Public libraries in New York City are calling on New Yorkers to take a stand against book banning. The New York Public Library, Brooklyn Public Library, and Queens Public Library on Monday launched the citywide “Banned Books Challenge,” urging New Yorkers to read 10 books that explore issues of race, sexuality, religion, and history, subjects that have been targeted for censorship in recent months. To kick off the challenge, the libraries made Last Night at the Telegraph Club by Malinda Lo, available for free with no waits on e-reader apps until June 26.
Image courtesy of the New York Public Library
The challenge continues the city libraries’ fight against book banning, which comes as attempts to ban certain books from libraries have increased across the country. According to the American Library Association, there were 729 attempted bans of 1,597 individual books in 2021, more than double the number recorded in 2019.
In April, the Brooklyn Public Library launched the “Books Unbanned” initiative, which gave young people around the United States over 3,500 library cards to provide access to digital copies of banned books.

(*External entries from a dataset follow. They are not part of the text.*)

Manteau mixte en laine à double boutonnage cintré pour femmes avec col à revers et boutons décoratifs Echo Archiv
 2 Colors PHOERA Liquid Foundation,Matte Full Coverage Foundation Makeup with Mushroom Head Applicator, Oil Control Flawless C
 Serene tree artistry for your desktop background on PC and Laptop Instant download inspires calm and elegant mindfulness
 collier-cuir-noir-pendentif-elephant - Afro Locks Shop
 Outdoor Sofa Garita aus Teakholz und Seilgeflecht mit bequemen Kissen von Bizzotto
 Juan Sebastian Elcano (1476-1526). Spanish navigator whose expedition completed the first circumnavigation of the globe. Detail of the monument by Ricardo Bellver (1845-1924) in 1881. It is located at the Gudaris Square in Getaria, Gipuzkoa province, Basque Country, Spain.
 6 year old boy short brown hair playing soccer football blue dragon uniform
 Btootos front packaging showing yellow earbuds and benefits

Similarly, the New York Public Library’s “Books For All” campaign brought in 22,000 new users for their online reading platform, as well as 10,000 e-book checkouts for banned titles, with 13 percent of usage coming from Florida, Pennsylvania, and Texas, “where high-profile bans have taken place,” according to a press release.
The “Banned Books Challenge” includes these 10 titles:
- The Marrow Thieves by Cherie Dimaline
- Will Grayson, Will Grayson by John Green & David Levithan
- Being Jazz: My Life as a (Transgender) Teen by Jazz Jennings
- All Boys Aren’t Blue by George M. Johnson
- Stamped: Racism, Antiracism, and You by Ibram X. Kendi and Jason Reynolds
- Last Night at the Telegraph Club by Malinda Lo
- The Bluest Eye by Toni Morrison
- 1984 by George Orwell
- Out of Darkness by Ashley Hope Pérez
- This One Summer by Mariko Tamaki, illustrated by Jillian Tamaki
“The Library’s role is to make sure no perspective, no idea, no identity is erased,” Anthony W. Marx, President of The New York Public Library, said. “To ensure free and open access to knowledge and information.”
“Book bans are in direct conflict with that noble mission, and we cannot be silent. The Banned Books Challenge is just one way we can bring people together and shine a light on this issue. We hope as many New Yorkers as possible will participate, learn and understand each other, and then do what we all must do: exercise our freedom to read by exploring the library and reading as many books as possible.”
The new initiative comes during Asian American and Pacific Islander Heritage Month and just a week before LGBTQ Pride Month begins. The Queens Public Library said it will make 10 additional books with LGBTQ themes “always available” for online readers.
“Open access to books and information is the core mission of Brooklyn Public Library and an essential component for a thriving democracy,” Linda E. Johnson, president of the Brooklyn Public Library, said.”Reading encourages critical thinking, introduces us to diverse viewpoints and perhaps most importantly, helps young people learn to respect one another and themselves.”